WHAT YOU ARE ASKED TO DO:
The output should match, line for line, the records from the line containing "Uloma culinaris - nagy rágványbogár" through the line containing "Fuber Double Bass right side", with every picture left out.

SUPPLIED ENTRIES:
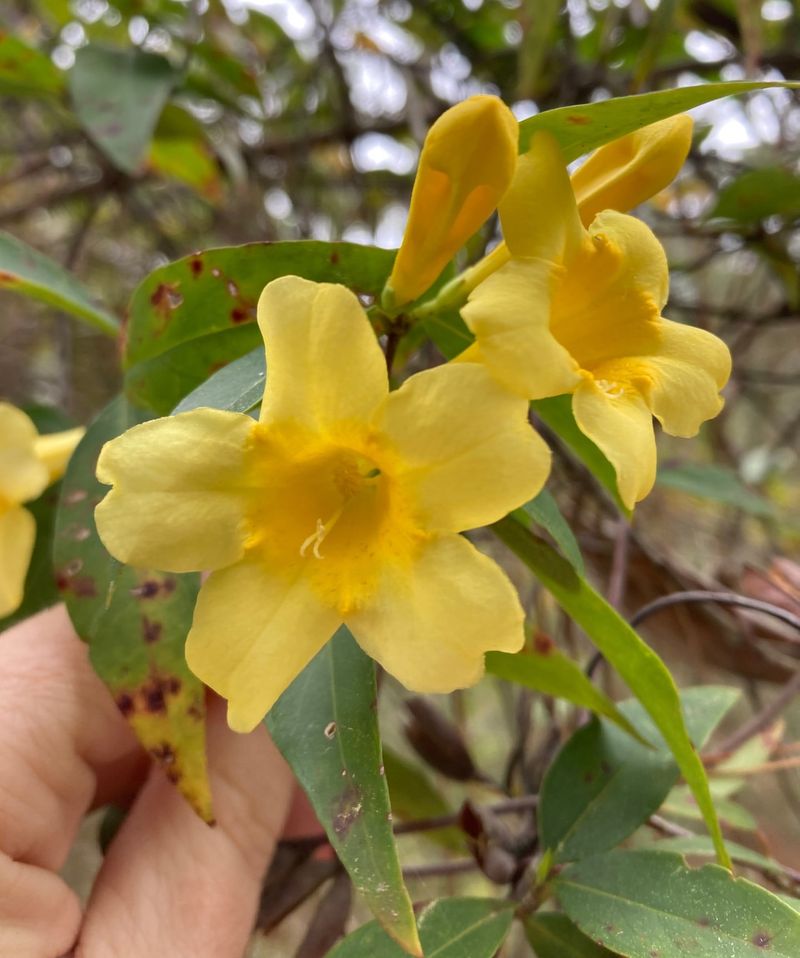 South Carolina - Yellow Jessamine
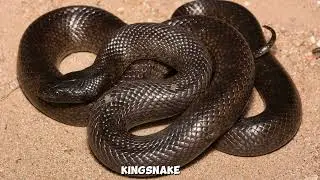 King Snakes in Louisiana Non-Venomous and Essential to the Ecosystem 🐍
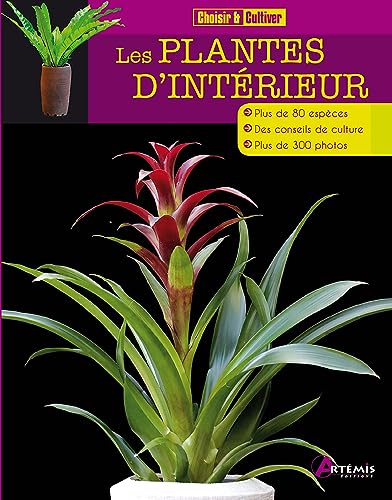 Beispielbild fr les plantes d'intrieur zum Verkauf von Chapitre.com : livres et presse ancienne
==
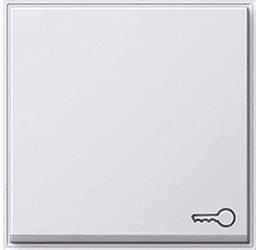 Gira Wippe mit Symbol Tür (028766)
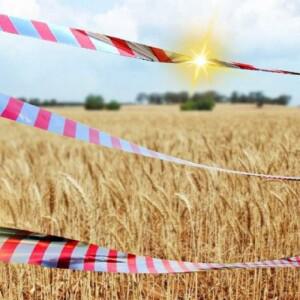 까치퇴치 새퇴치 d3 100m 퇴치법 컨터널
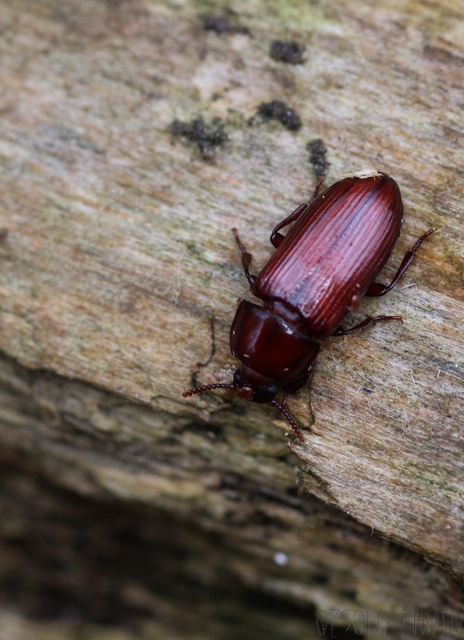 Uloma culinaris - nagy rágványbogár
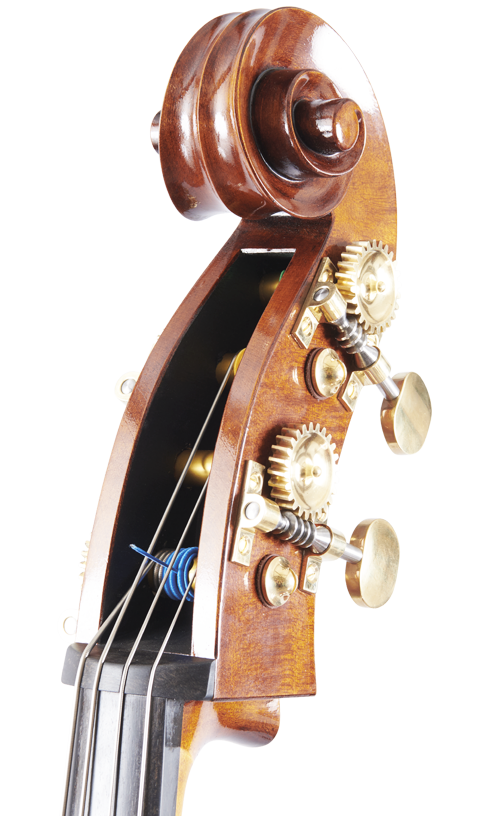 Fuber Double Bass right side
---
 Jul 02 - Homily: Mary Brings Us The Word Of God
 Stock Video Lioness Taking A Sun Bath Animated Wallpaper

TASK ANSWER:
 Uloma culinaris - nagy rágványbogár
 Fuber Double Bass right side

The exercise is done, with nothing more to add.